Look through the data below for the line with "You can also" and the line with "Every Parabricks command", then transcribe exactly from the first through the second, leaving out all pictures.

►

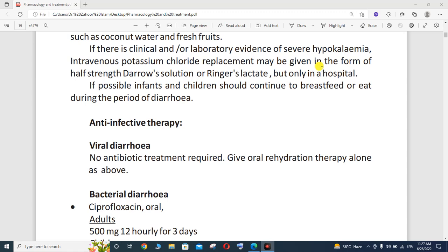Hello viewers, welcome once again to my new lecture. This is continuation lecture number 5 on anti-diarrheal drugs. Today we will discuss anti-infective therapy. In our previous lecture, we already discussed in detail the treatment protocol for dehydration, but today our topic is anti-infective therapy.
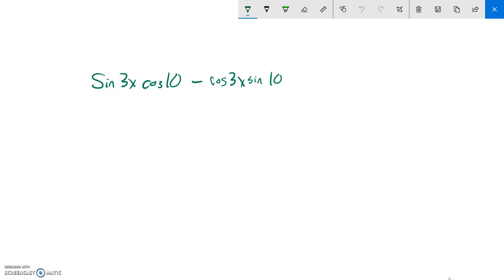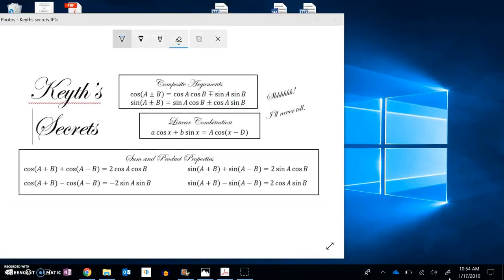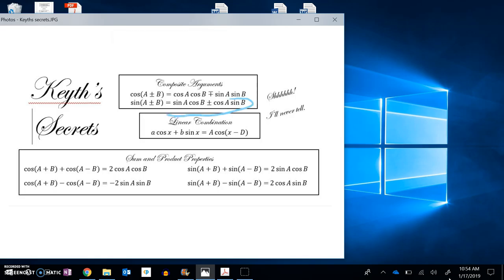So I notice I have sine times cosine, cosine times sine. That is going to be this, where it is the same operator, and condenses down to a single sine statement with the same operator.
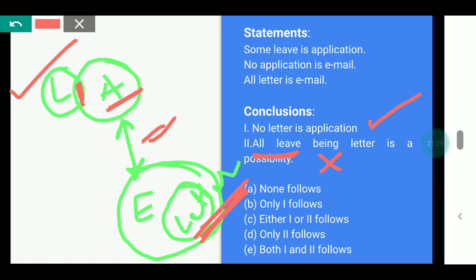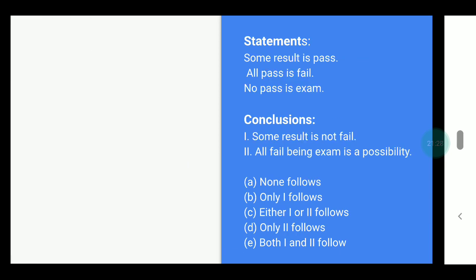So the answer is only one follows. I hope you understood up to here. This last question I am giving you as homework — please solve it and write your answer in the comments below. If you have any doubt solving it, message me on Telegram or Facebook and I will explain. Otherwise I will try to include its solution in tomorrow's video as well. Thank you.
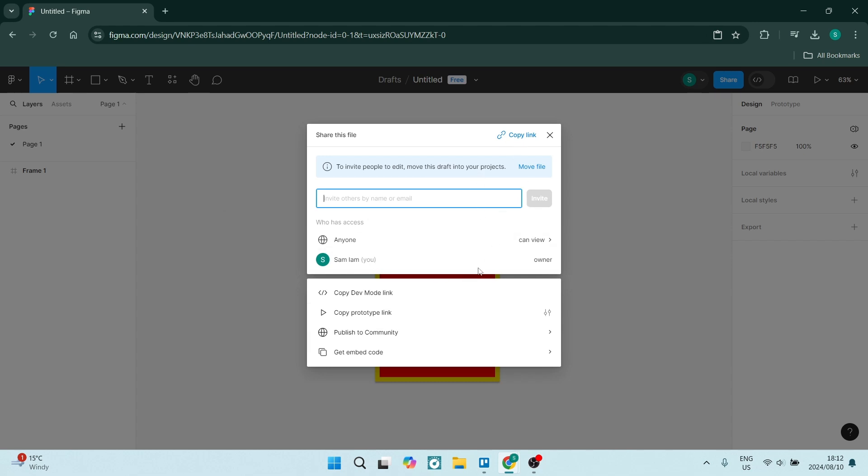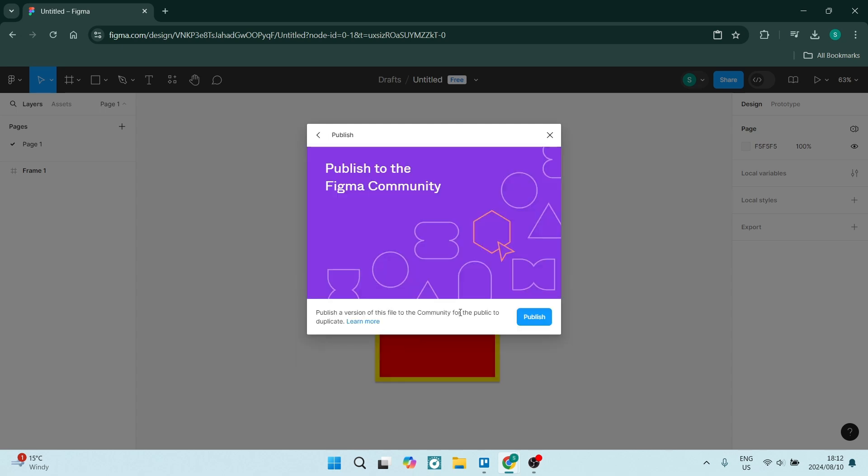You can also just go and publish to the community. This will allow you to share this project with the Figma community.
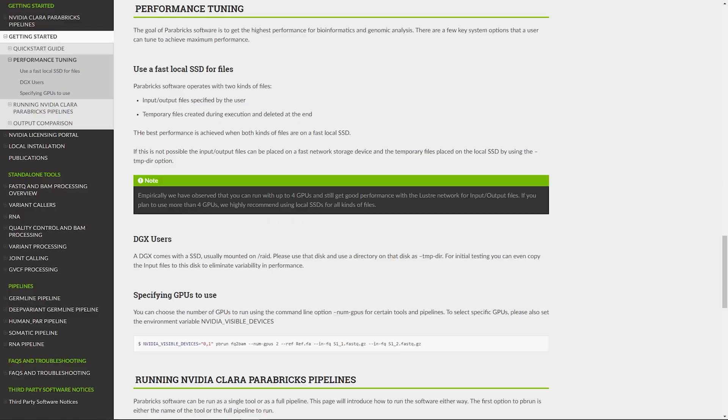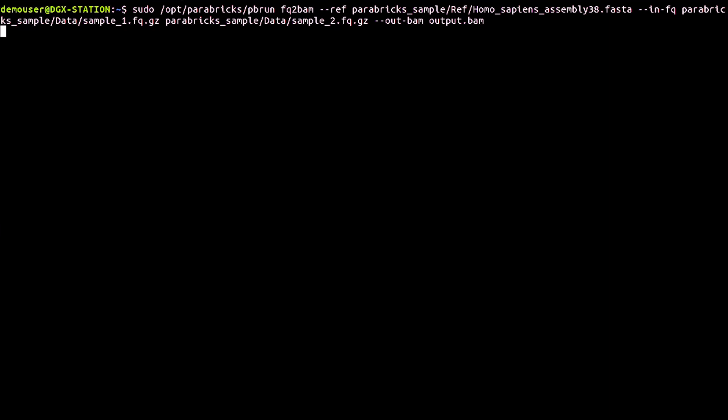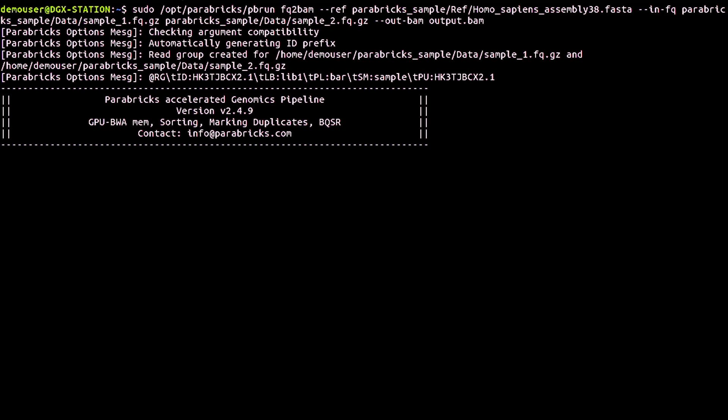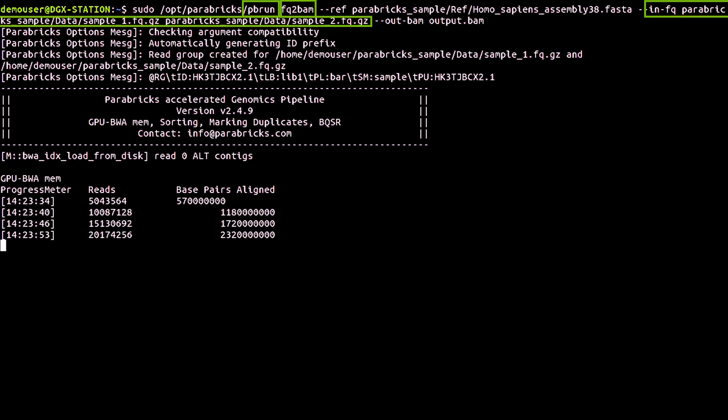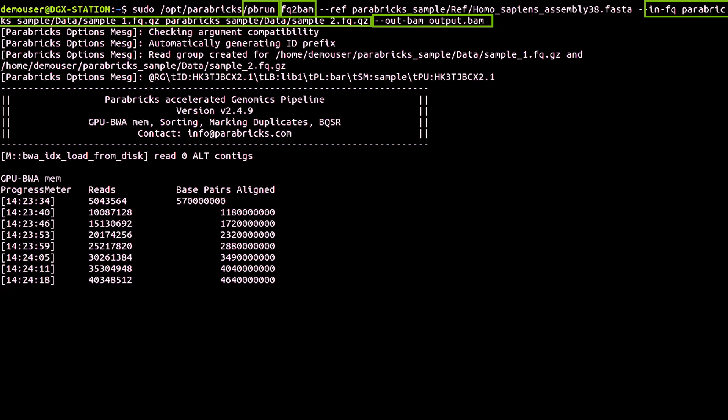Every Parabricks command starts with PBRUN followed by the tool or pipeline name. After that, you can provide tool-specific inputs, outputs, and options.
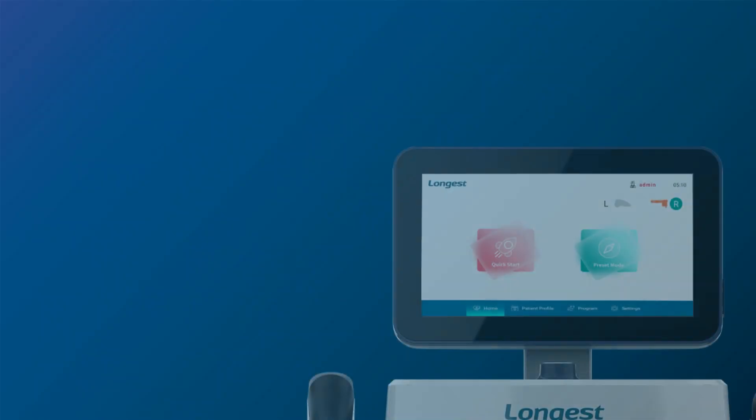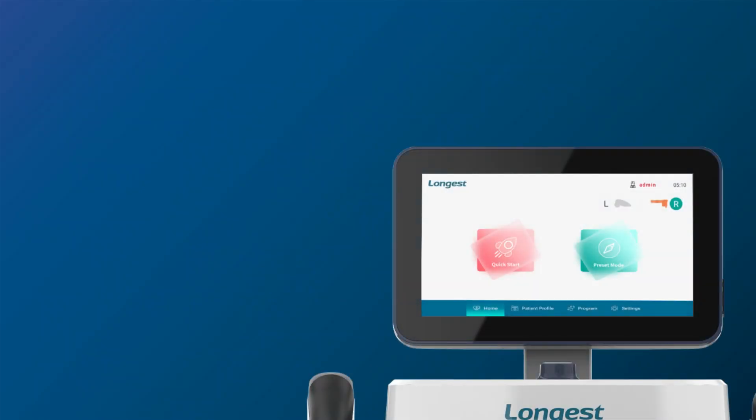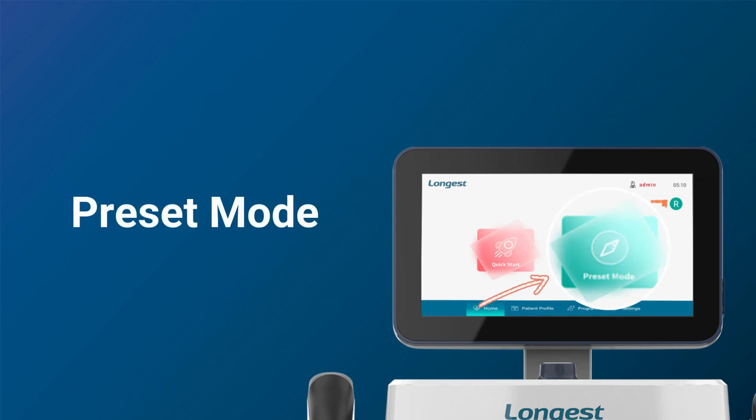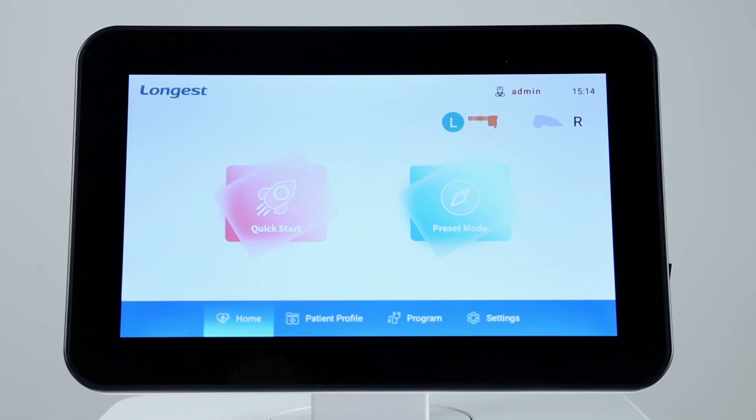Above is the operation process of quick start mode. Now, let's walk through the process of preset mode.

◄

> **ANSWER TO THE EXERCISE**
You can also just go and publish to the community. This will allow you to share this project with the Figma community.
Every Parabricks command starts with PBRUN followed by the tool or pipeline name. After that, you can provide tool-specific inputs, outputs, and options.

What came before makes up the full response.